Hamilton decompositions of the directed 7-torus at odd modulus via root-flat certificates and a prefix-count construction
SangHyun Park
math.CO
May 1, 2026 · v1
TL;DR
A Lean 4 formalization verifies the directed 7-torus Hamilton decomposition with symbolic and boundary certificates.
Abstract
We prove that the directed seven-dimensional equal-side torus D_7(m) = Cay((Z/mZ)^7, {e_0, e_1, ..., e_6}) admits a directed Hamilton decomposition for every odd integer m >= 3. The proof has two main contributions. First, we introduce the root-flat certificate: a named verification framework in which a Hamilton decomposition of D_n(m) follows from three local conditions on a single root flat -- row Latinness, layer bijectivity, and primitive return maps. This abstraction was used informally in the earlier odd D_5(m) construction; here it appears as a definition and a theorem, providing a common verification interface for prime-dimensional base cases. Second, for every odd m >= 7, we give a uniform prefix-coordinate construction: one-layer prefix maps, a symbol-count criterion, and explicit 7x7 count matrices produce all seven Hamilton factors without a finite search. The remaining moduli m = 3 and m = 5 are exactly the boundary where the prefix-count method provably cannot work; they are handled by finite root-flat certificates whose validity is checked in Lean 4. A Lean 4 formalization verifies the Cayley statement, with the symbolic branch and the finite boundary certificates checked in the same development.
Problem
Whether the directed seven-dimensional equal-side torus D_7(m) admits a directed Hamilton decomposition for every odd m >= 3 was an open question in the study of Hamiltonicity of Cartesian products of directed cycles.
Approach
The proof introduces the root-flat certificate framework, where a Hamilton decomposition follows from three local conditions on a single root flat (row Latinness, layer bijectivity, primitive return maps).
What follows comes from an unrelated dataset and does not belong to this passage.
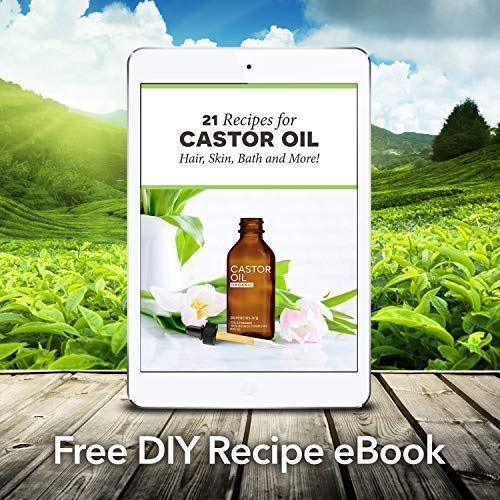 Castor Oil - USDA Certified Organic - 100% Pure, 4 ounce, Cold-Pressed, Extra-Virgin, Hexane-Free. Best Serum For Eyelash, Hair, Eyebrows & Skin - Boost Growth Naturally - with Applicator Brush Kit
For odd m >= 7, a uniform prefix-coordinate construction using one-layer prefix maps, a symbol-count criterion, and explicit 7x7 count matrices produces all seven Hamilton factors without finite search. Boundary moduli m=3 and m=5 are handled by finite root-flat certificates whose validity is checked in Lean 4.
Results
The directed 7-torus D_7(m) admits a directed Hamilton decomposition for every odd integer m >= 3. The Lean 4 formalization verifies both the symbolic branch (the uniform construction for m >= 7) and the finite boundary certificates (m = 3, 5) in a single development.